__Materials provided__
___

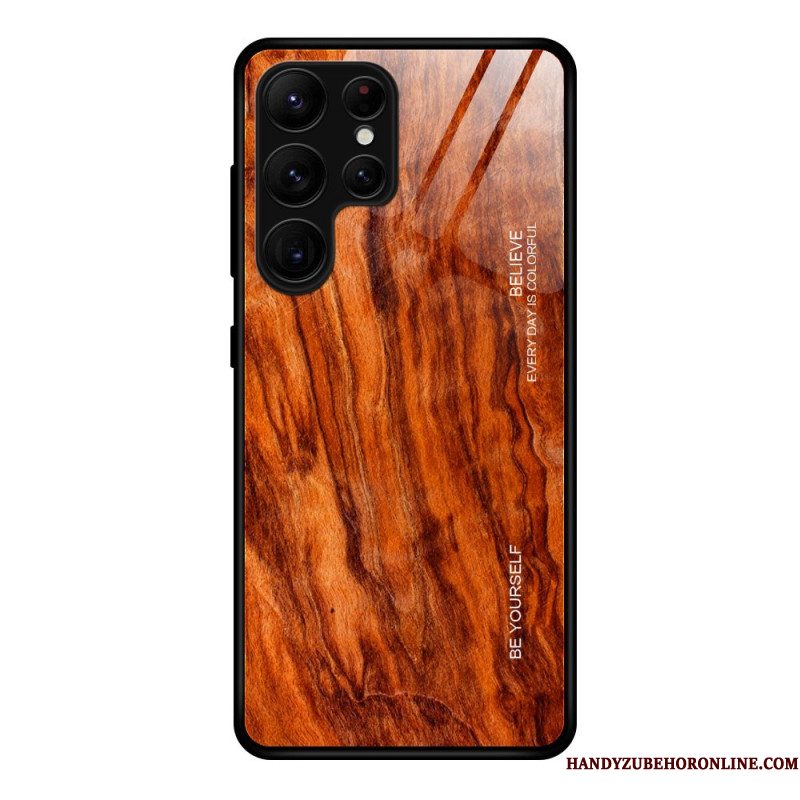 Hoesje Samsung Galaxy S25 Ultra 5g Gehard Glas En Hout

___

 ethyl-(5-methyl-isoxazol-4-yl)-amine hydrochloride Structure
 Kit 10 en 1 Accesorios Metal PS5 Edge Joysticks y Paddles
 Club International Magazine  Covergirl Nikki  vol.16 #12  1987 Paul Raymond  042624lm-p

___

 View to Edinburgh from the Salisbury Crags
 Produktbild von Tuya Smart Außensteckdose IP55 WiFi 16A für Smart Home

___

__Task requirements__
With the line that has "View to Edinburgh from the Salisbury Crags" as the first and the line that has "Produktbild von Tuya" as the last, repeat exactly that run of lines above and no more.

__Final answer__
 View to Edinburgh from the Salisbury Crags
 Produktbild von Tuya Smart Außensteckdose IP55 WiFi 16A für Smart Home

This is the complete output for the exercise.